#### What you should do
Here the job is to transcribe only the lines from the one containing "4450756222 NCR S2" through the last line below, exactly as written; please leave out pictures.

Stored data entries
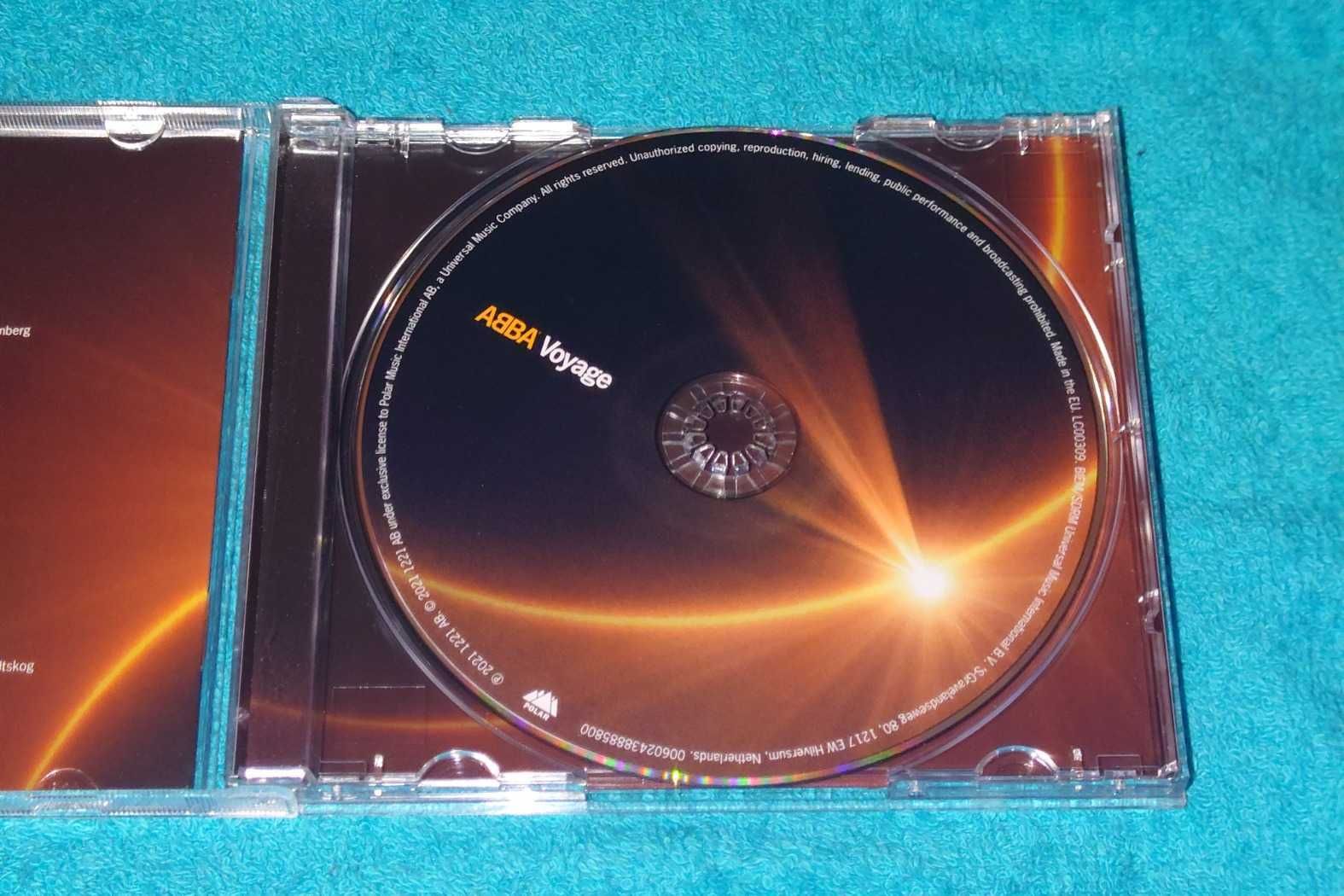 ABBA &ndash; Voyage  CD ///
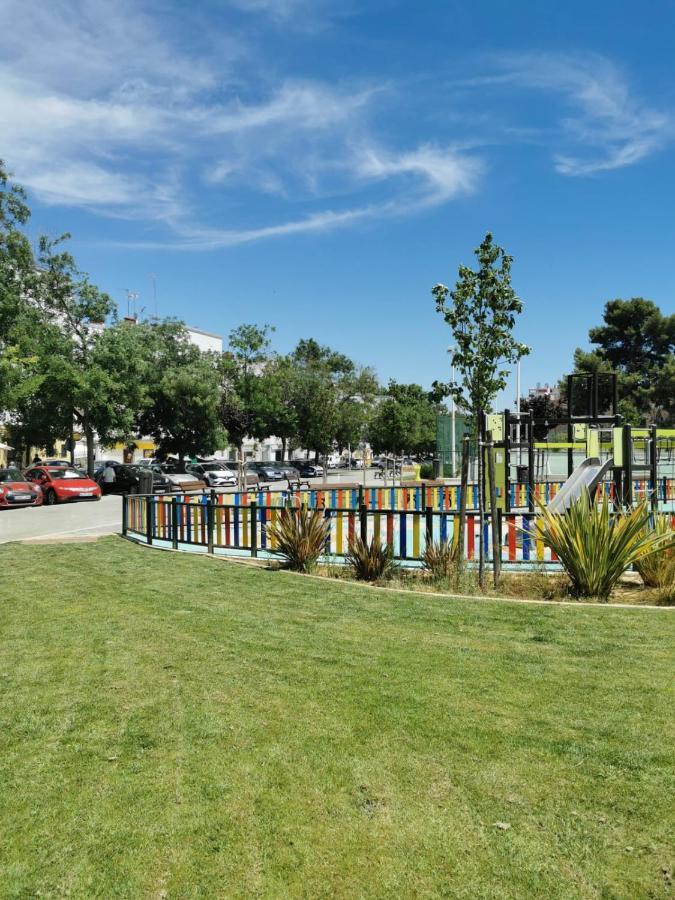 Apartamento Luxury Home Huelva Zona Centro Zewnętrze zdjęcie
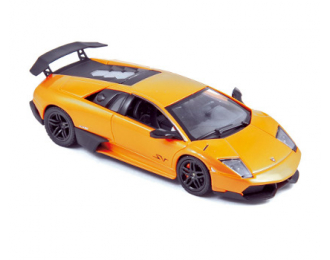 LAMBORGHINI Murcielago LP670-4 Super Veloce (2009), orange metallic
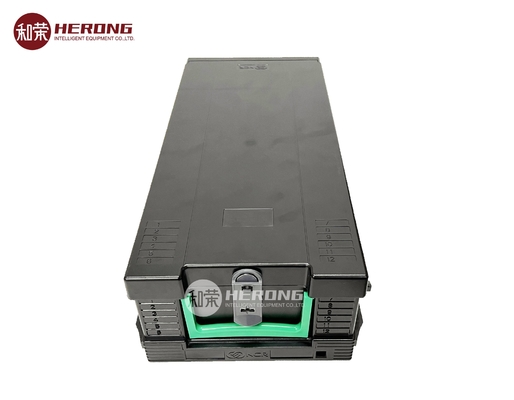4450756222 NCR S2 Caixa cassete Máquina ATM Peças de máquina caixa montagem de cassete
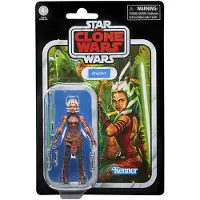 Hasbro Star Wars The Clone Wars Vintage Collection Figurine 2022 Ahsoka Tano 10 cm HASF4494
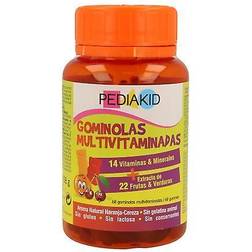 Pediakid Multivitamin Gummies 60 stk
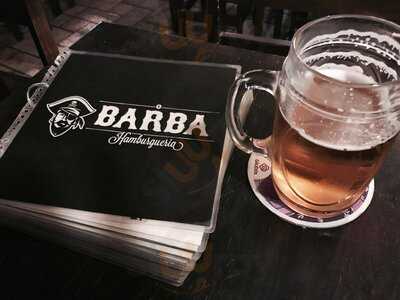 O Barba Hamburgueria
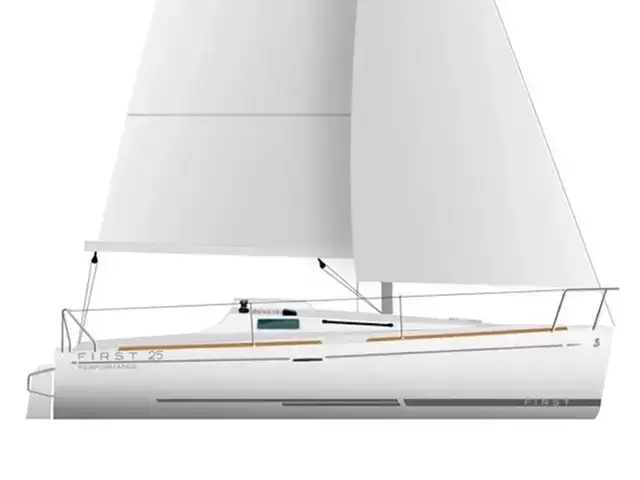 Beneteau First 25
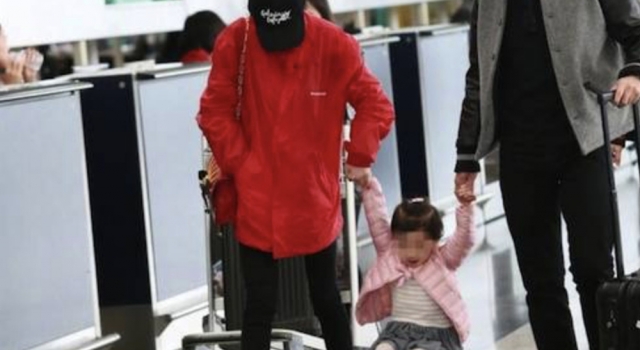 杨幂女儿读的幼儿园超贵 杨幂和女儿不亲真的吗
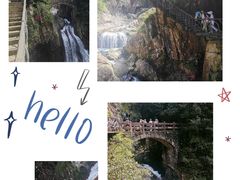 -龙湾潭国家森林公园
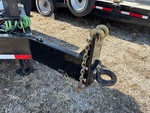 Trailer Chassis with Tongue/ Hitch Condition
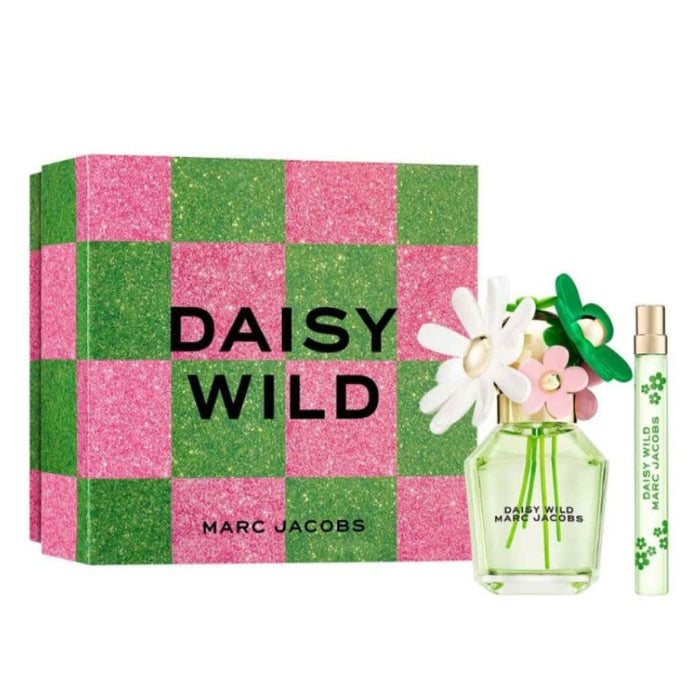 MARC JACOBS DAISY WILD EDT50ML SET 24 - Beauty Bar 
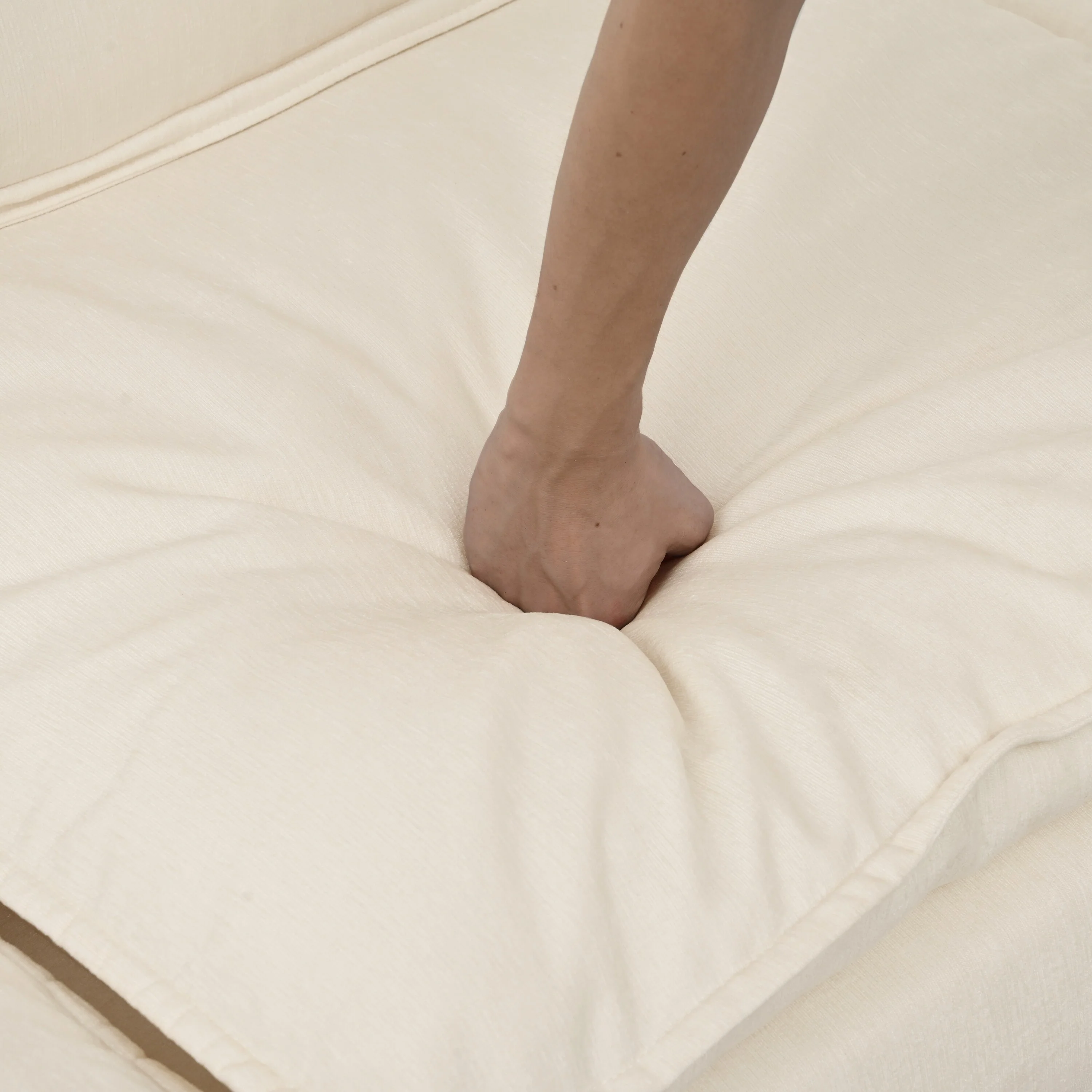 Mirod Modular 4-Piece Sofa with Storage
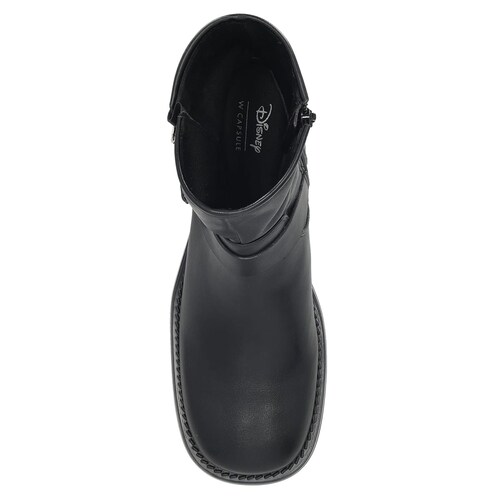 Bota con Detalle Silueta Mickey Mouse para Mujer W Capsule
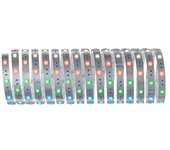 Paulmann MaxLED 250 Tira LED (Largo: 5 m, Color de luz: RGBW, 31,5 W, 1.350 lm, Ámbito de aplicación: Para interior)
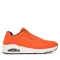 SKECHERS Uno - Stand On Air 52458/ORBK Orange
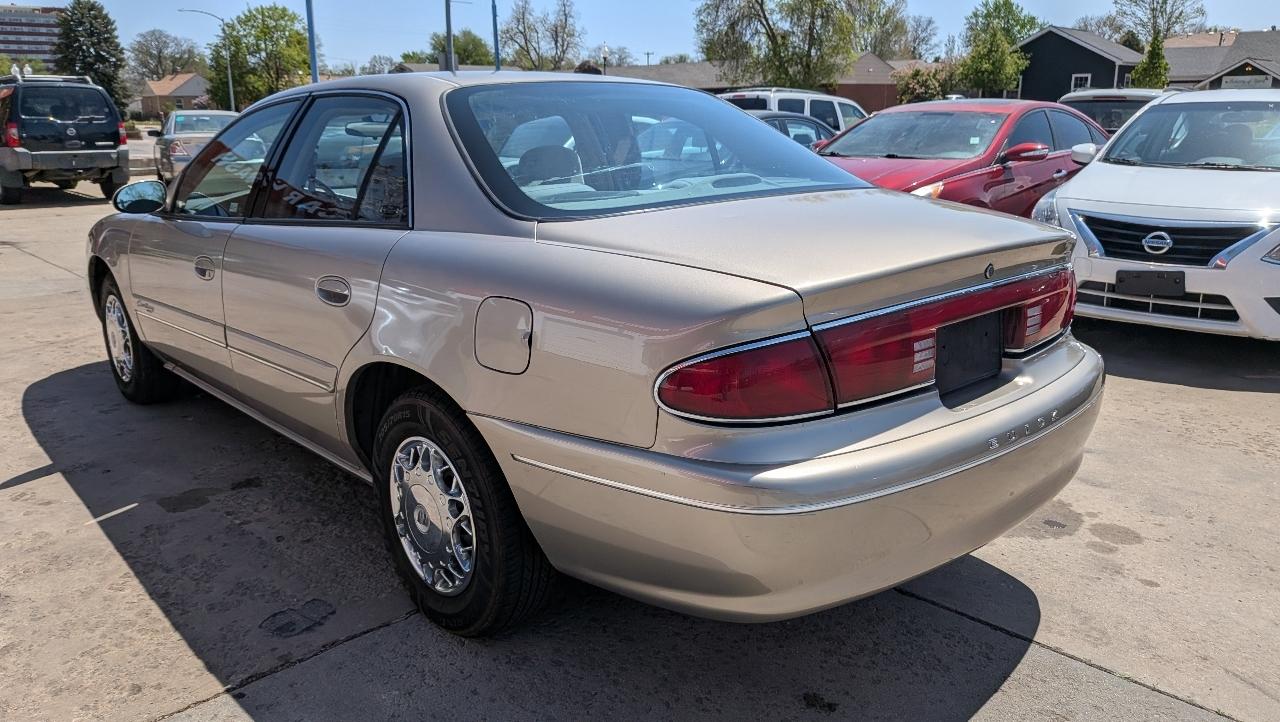 Buick Century Custom 2002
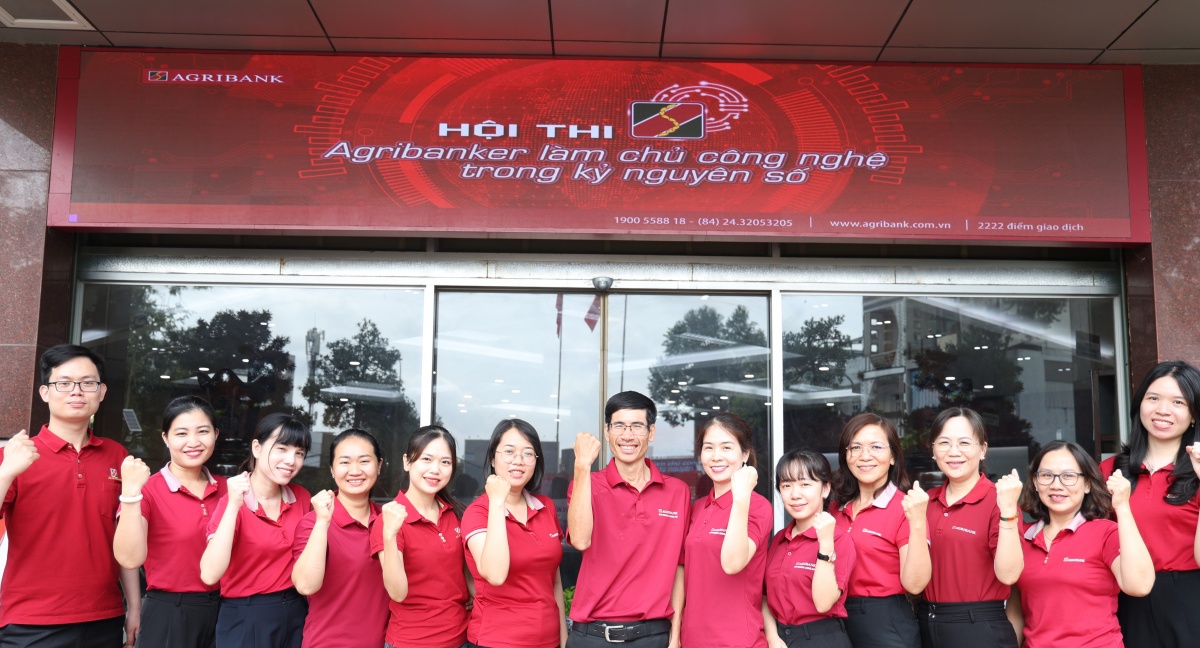 Tiên phong đổi mới theo tinh thần Nghị quyết 57 – Agribanker sẵn sàng làm chủ công nghệ trong kỷ nguyên số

#### Answer to this task
4450756222 NCR S2 Caixa cassete Máquina ATM Peças de máquina caixa montagem de cassete
 Hasbro Star Wars The Clone Wars Vintage Collection Figurine 2022 Ahsoka Tano 10 cm HASF4494
 Pediakid Multivitamin Gummies 60 stk
 O Barba Hamburgueria
 Beneteau First 25
 杨幂女儿读的幼儿园超贵 杨幂和女儿不亲真的吗
 -龙湾潭国家森林公园
 Trailer Chassis with Tongue/ Hitch Condition
 MARC JACOBS DAISY WILD EDT50ML SET 24 - Beauty Bar 
 Mirod Modular 4-Piece Sofa with Storage
 Bota con Detalle Silueta Mickey Mouse para Mujer W Capsule
 Paulmann MaxLED 250 Tira LED (Largo: 5 m, Color de luz: RGBW, 31,5 W, 1.350 lm, Ámbito de aplicación: Para interior)
 SKECHERS Uno - Stand On Air 52458/ORBK Orange
 Buick Century Custom 2002
 Tiên phong đổi mới theo tinh thần Nghị quyết 57 – Agribanker sẵn sàng làm chủ công nghệ trong kỷ nguyên số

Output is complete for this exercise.